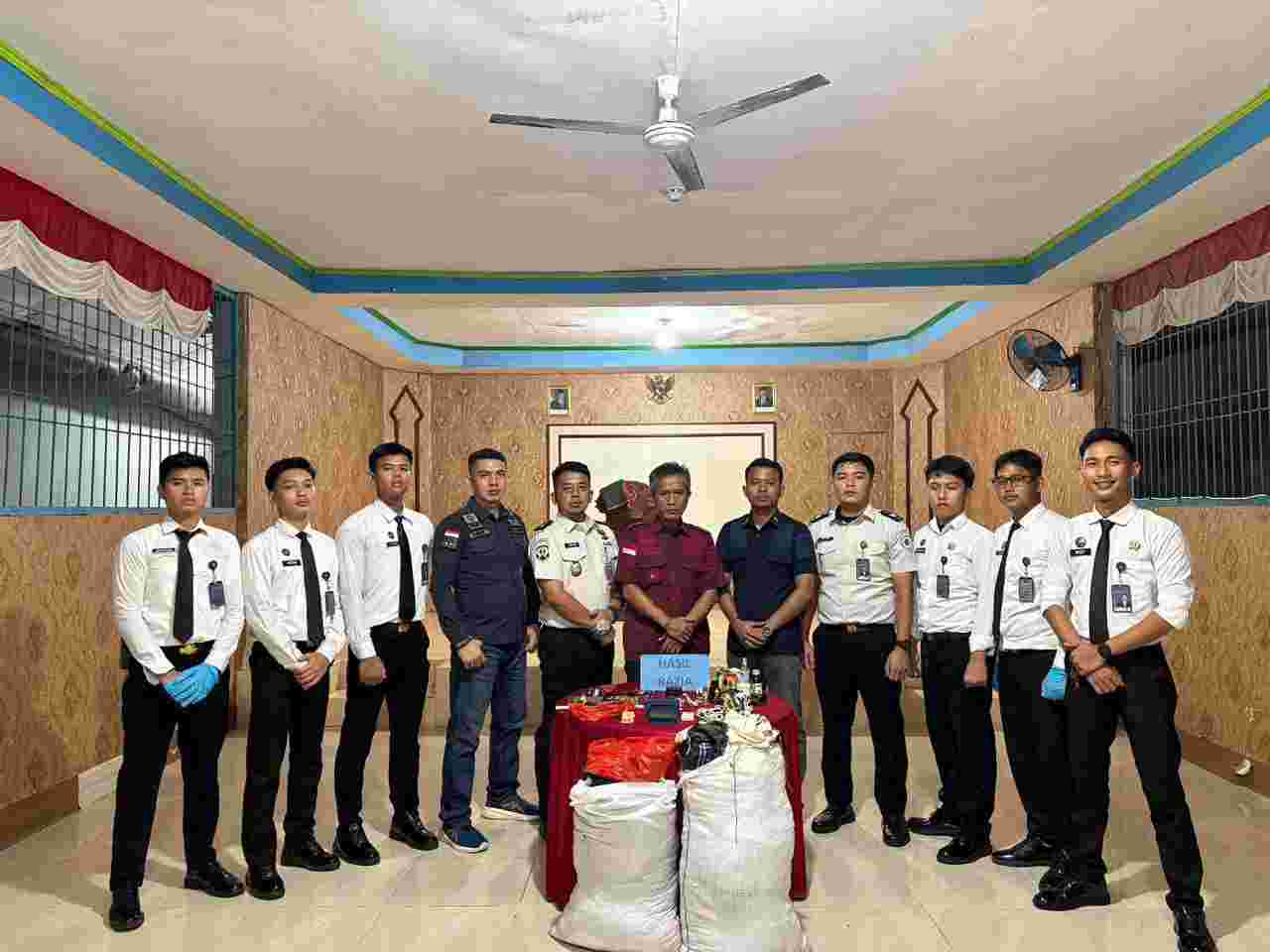 Rutan Krui Razia Mendadak, Puluhan Barang Terlarang Disita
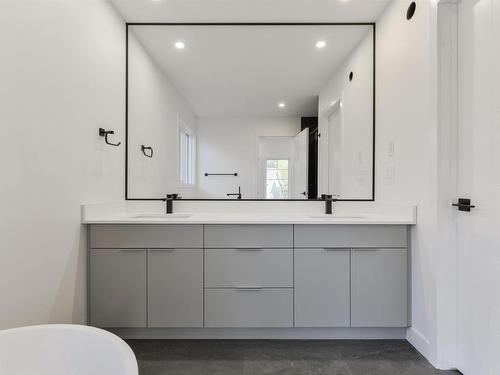 1164 Gyrfalcon Crescent, Edmonton, AB - Indoor Photo Showing Bathroom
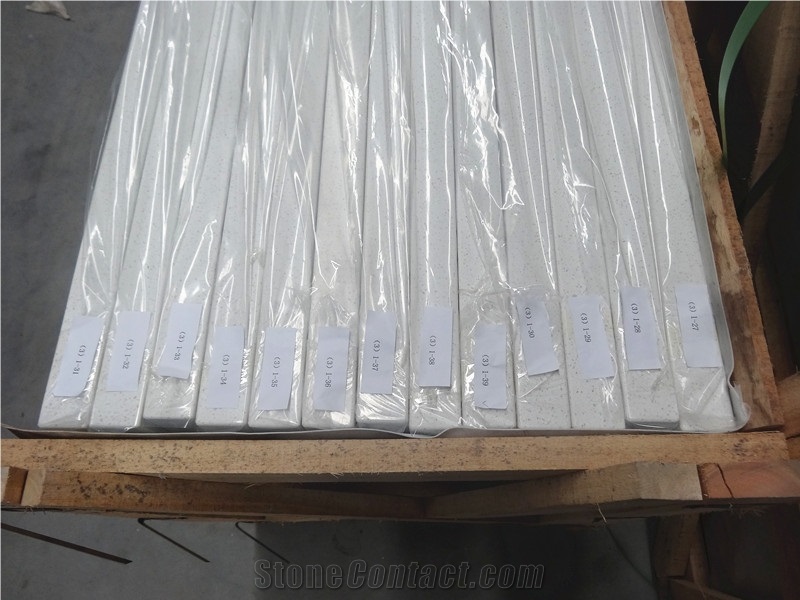 White Mirroor Fleck Quartz-Countertop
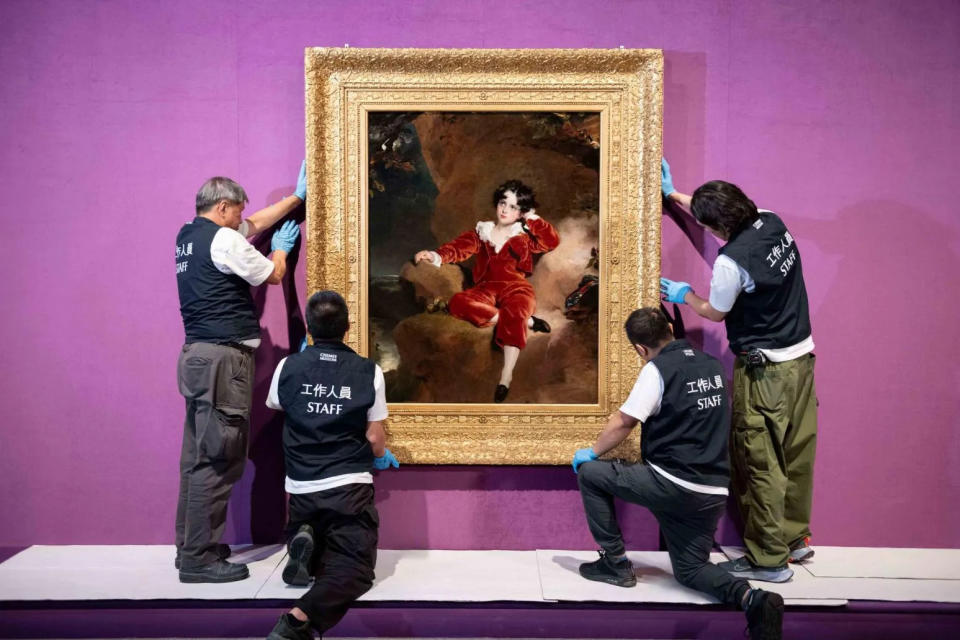 奇美博物館《英國國家藝廊珍藏展》2024 / 5/2～9/1。〈查爾斯．威廉．蘭姆頓肖像〉（紅衣男孩），1825年創作。圖片版權：英國國家藝廊c（圖／奇美博物館提供）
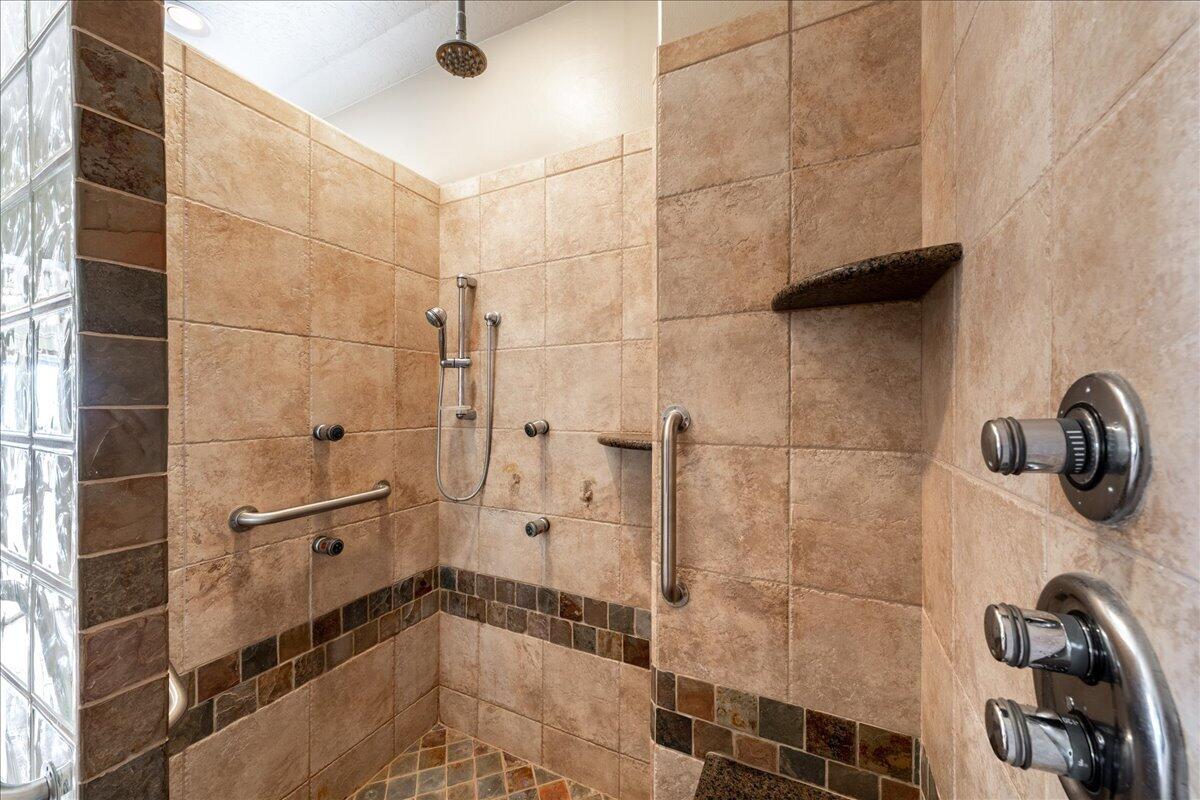 CASTLE ROCK - Residential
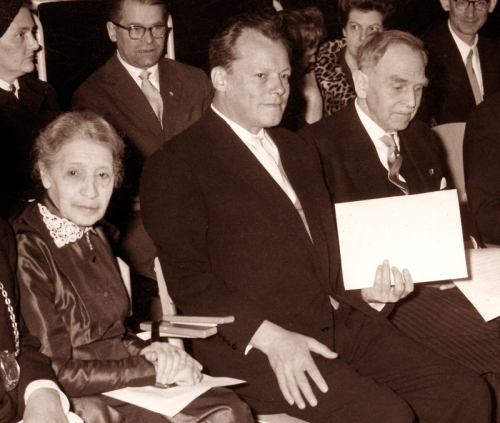 Lise Meitner, Willy Brandt und Otto Hahn bei der Grndung des Hahn-Meitner-Instituts am 14. Mrz 1959. 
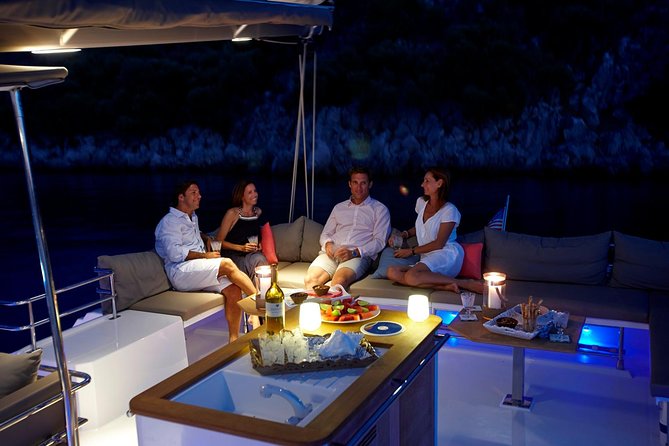 Santorini Luxury Catamaran Sunset Cruise with BBQ, Drink and Transfer - The Greek BBQ lunch and drinks, done for real time at sea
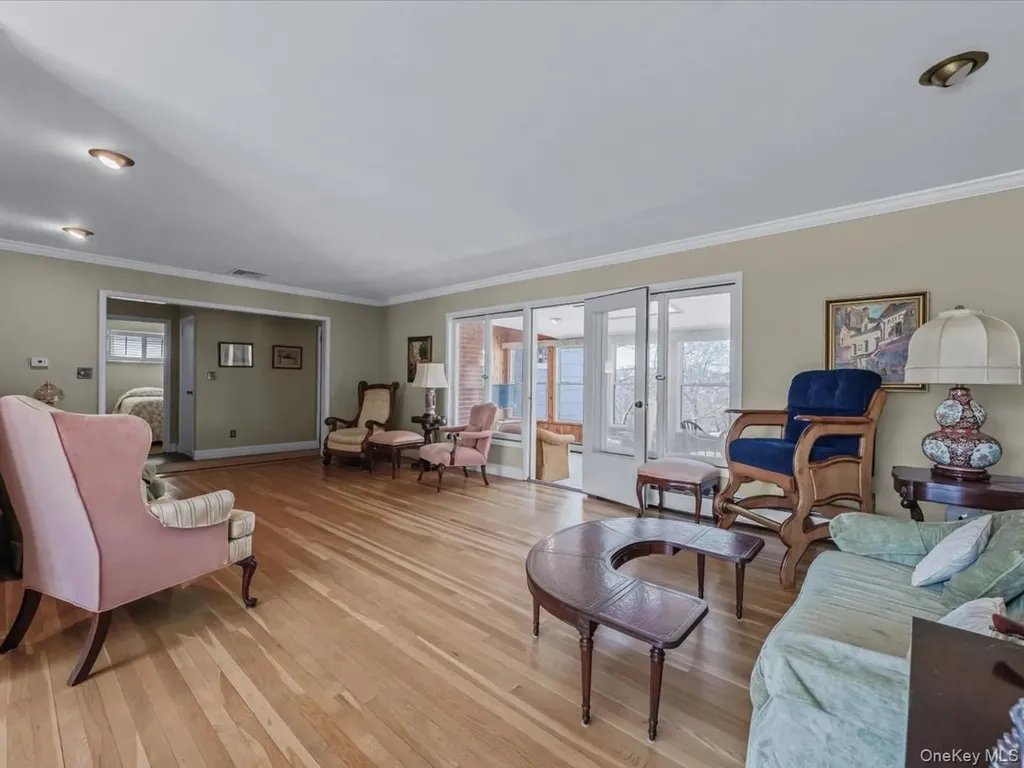 37 Berkshire Road Yonkers NY 10710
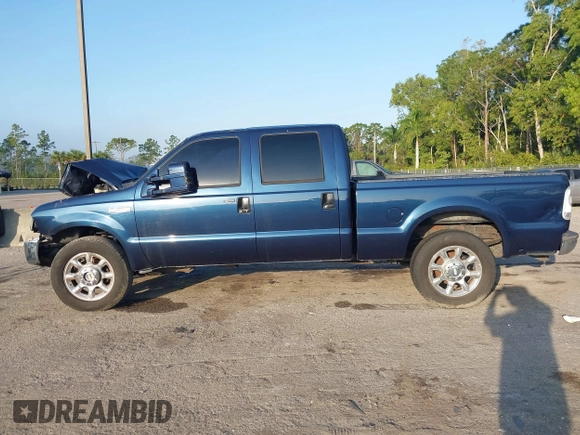 2005 Ford F-250 XL z VIN 1FTSW21505ED04887, wystawiony jako IAAI lot #41487895 z przebiegiem 175 414 mil mil oraz . Historia ofert i sprzedaży dostępna na DreamBid. Obrazek 14.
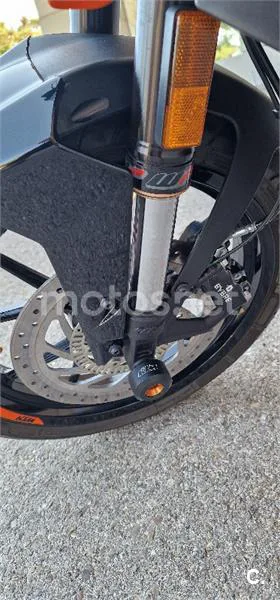 KTM 125 – Vista 10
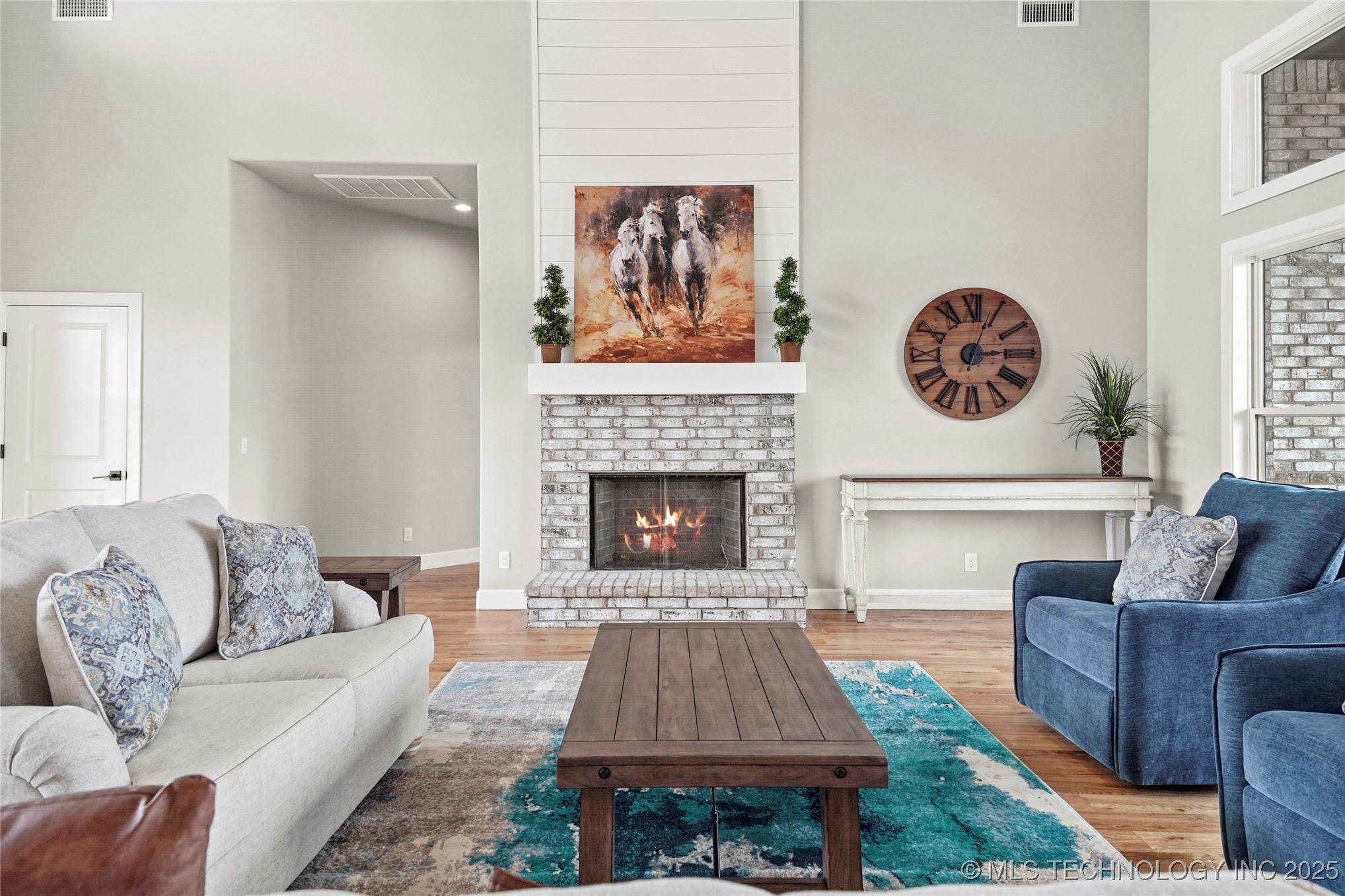 6718 S 310th Place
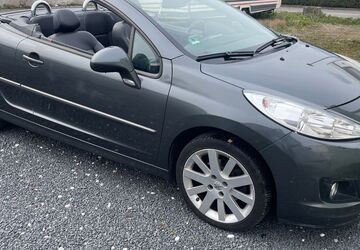 Peugeot 207 113.420 km 4.700 &euro; Würselen 52146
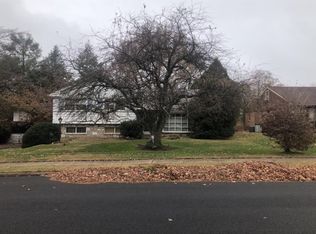 206 Parkview Rd, Cheltenham, PA 19012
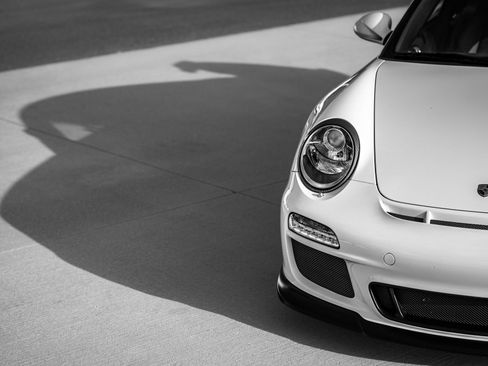 Used 2010 Porsche 911 GT3 RWD image 18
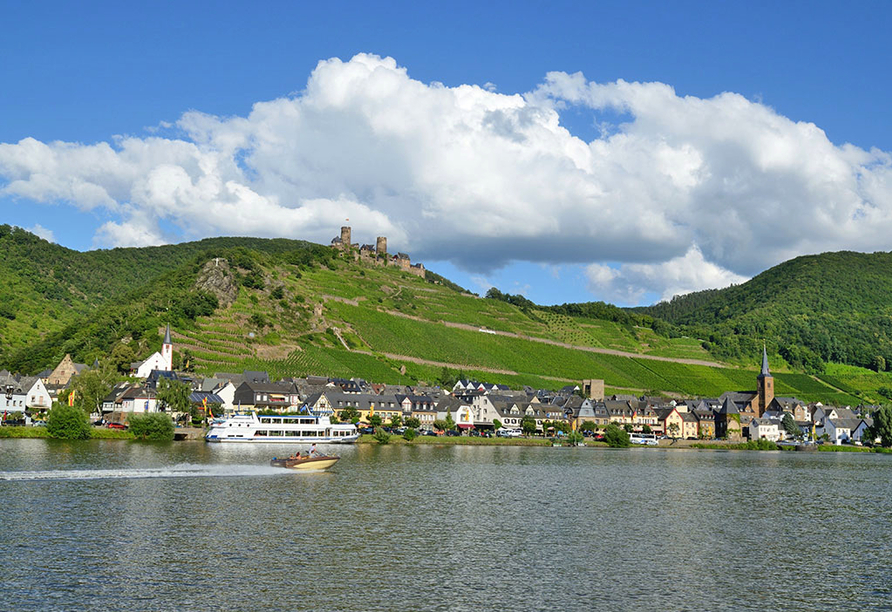 Besuchen Sie den idyllischen Weinort Alken mit der Burg Thurant.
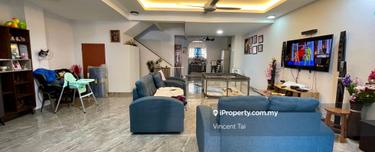 Newly Renovated & Extended with approval, less than 5 years 1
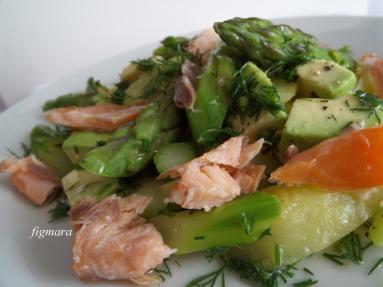 Zdjęcie - Sałatka z awokado, szparagów, ziemniaków i łososia - Przepisy kulinarne ze zdjęciami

• • • • •

**What is needed:**
Copy out exactly, without any pictures, the lines above that begin at the one with "37 Berkshire Road Yonkers NY 10710" and end at the last line of the listing.

**Answer section:**
 37 Berkshire Road Yonkers NY 10710
 2005 Ford F-250 XL z VIN 1FTSW21505ED04887, wystawiony jako IAAI lot #41487895 z przebiegiem 175 414 mil mil oraz . Historia ofert i sprzedaży dostępna na DreamBid. Obrazek 14.
 KTM 125 – Vista 10
 6718 S 310th Place
 Peugeot 207 113.420 km 4.700 &euro; Würselen 52146
 206 Parkview Rd, Cheltenham, PA 19012
 Used 2010 Porsche 911 GT3 RWD image 18
 Besuchen Sie den idyllischen Weinort Alken mit der Burg Thurant.
 Newly Renovated & Extended with approval, less than 5 years 1
 Zdjęcie - Sałatka z awokado, szparagów, ziemniaków i łososia - Przepisy kulinarne ze zdjęciami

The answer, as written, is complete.